In the entries below, find the line containing "11 lite 5G ne xiaomi" and the line containing "Заслонка дросельна Ford". Copy those two lines and everything between them exactly, without the pictures.

:: Entries provided ::
# # # #

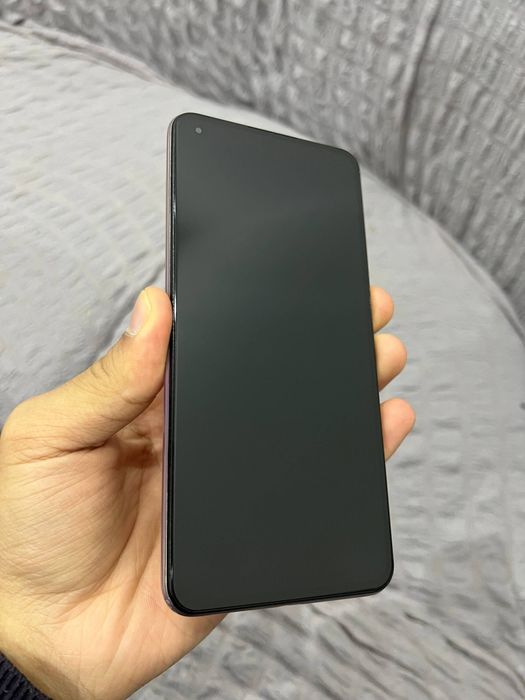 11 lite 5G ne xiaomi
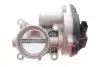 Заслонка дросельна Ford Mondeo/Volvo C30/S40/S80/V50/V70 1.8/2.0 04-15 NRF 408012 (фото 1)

# # # #

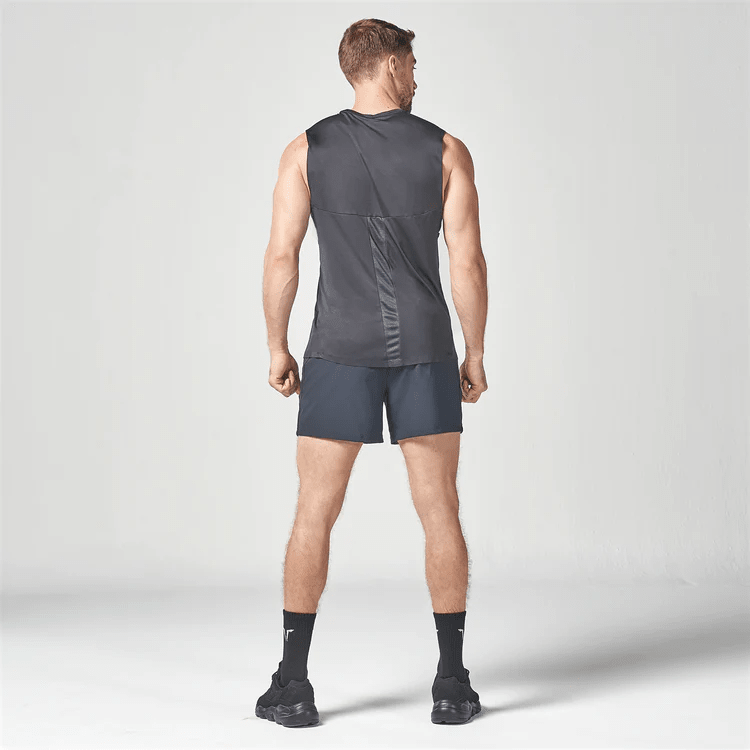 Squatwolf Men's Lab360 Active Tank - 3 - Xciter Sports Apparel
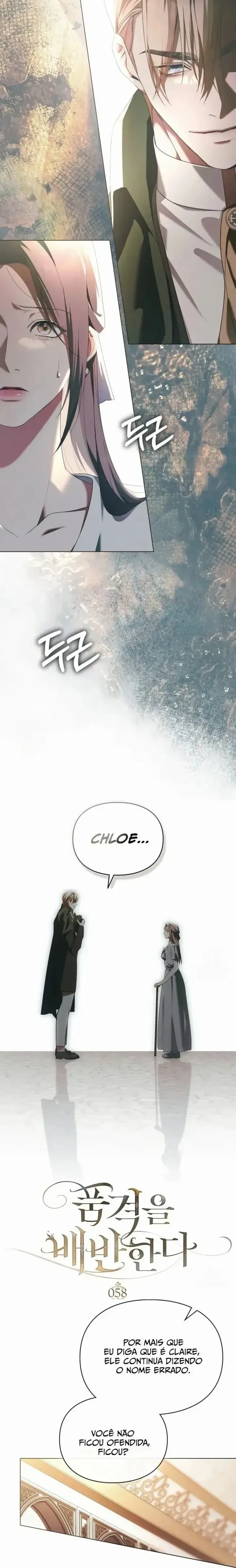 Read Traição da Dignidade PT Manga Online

# # # #

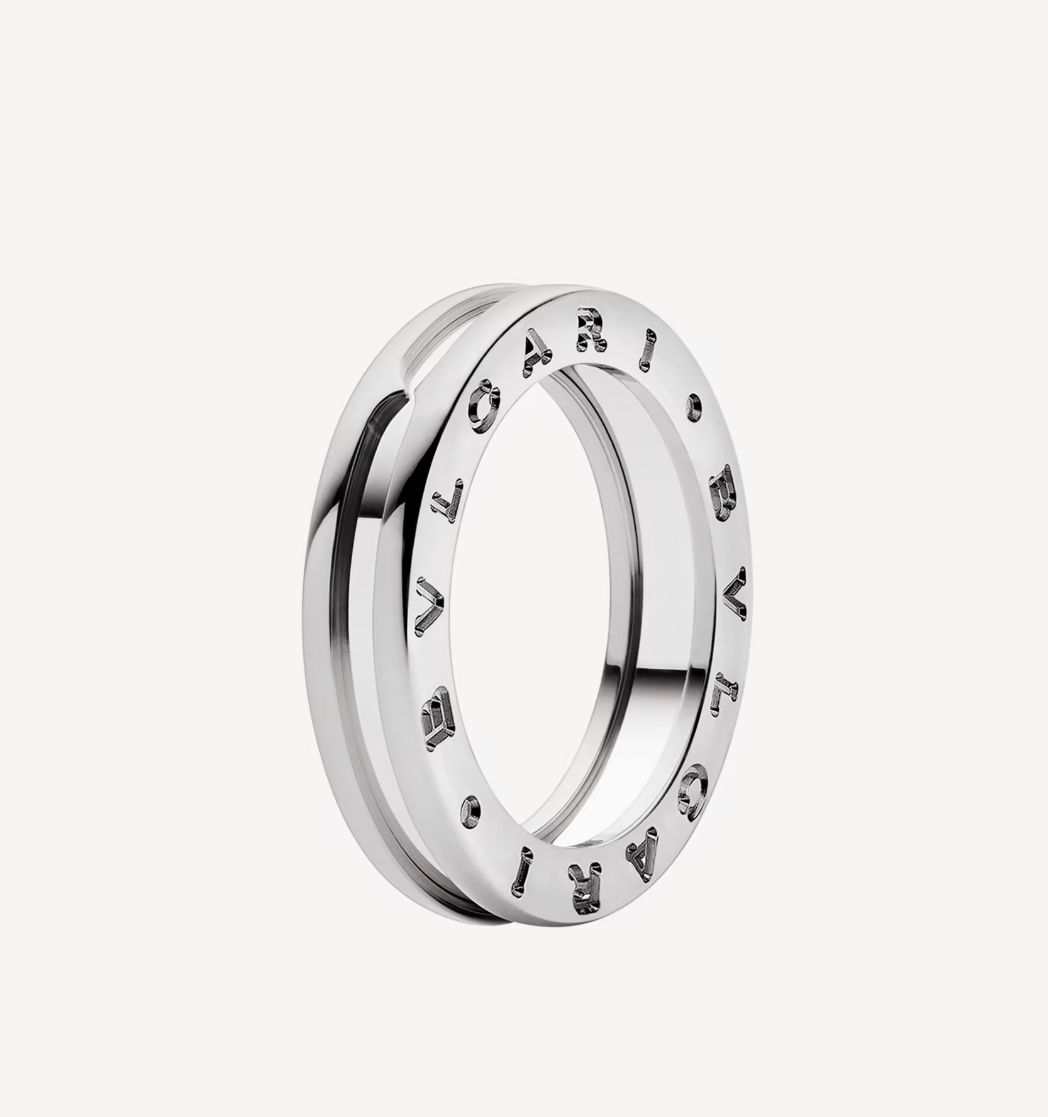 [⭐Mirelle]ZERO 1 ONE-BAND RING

# # # #

:: Reply to the exercise ::
 11 lite 5G ne xiaomi
 Заслонка дросельна Ford Mondeo/Volvo C30/S40/S80/V50/V70 1.8/2.0 04-15 NRF 408012 (фото 1)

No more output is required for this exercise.